Abstract

NML v. Argentina, the “trial of the century” in sovereign debt, is finally poised for settlement negotiations. International experience, advantages for the parties themselves, and even statements by the presiding federal judge, all suggest that it is high time for a settlement between Argentina and its holdout creditors. But major challenges remain.While not addressing all of them, we analyze key economic and legal factors underlying the NML litigation, with a particular emphasis on issues relevant to a potential settlement. We document the wide heterogeneity of holdout rates across Argentina’s 150 defaulted bonds (of which 74 still have holdout rates greater than 5 percent) and focus the subsequent analysis on the seven most held-out bonds. The bonds in our sample have holdout rates between 20 and 82 percent and account for about 30 percent of total holdout principal.
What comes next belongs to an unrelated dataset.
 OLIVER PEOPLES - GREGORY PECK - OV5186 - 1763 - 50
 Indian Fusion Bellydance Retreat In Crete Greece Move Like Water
We show that New York’s statutory real rate of interest on overdue interest has been 6.6 percent on average during the years affecting this suit compared to 3.1 percent during the previous forty years. As such, the New York statutory rate has become more punitive than compensatory.We also illustrate the growth of the value of holdout claims for the seven bonds from their initial $1.7 billion in principal up to $4.3 to $7 billion in current value, depending on when holdouts obtained judgments. We analyze the sensitivity of holdout claims to different approaches to overdue interest—an issue that has become increasingly controversial in New York state law in recent years. We next assess the returns that investors would have obtained by purchasing the seven-bond basket at different times since 2002. We find that investors would have multiplied their money an average of 8 times if they obtained judgments in 2008 or 13 times in 2015. Finally, we compute the current value of Argentina’s 2005 exchange offer and find that is worth about one-half of the litigants’ claims for judgments obtained in 2008.Our analysis offers a framework for potential settlement negotiations. However, with so many holdouts unaccounted for, a settlement with the NML litigants exposes Argentina to the tyranny of the next litigant as long as the current injunctions remain in place. We close by underscoring the benefit of modifying or lifting these injunctions as Argentina begins negotiating in good faith to reach a reasonable settlement with its holdout creditors.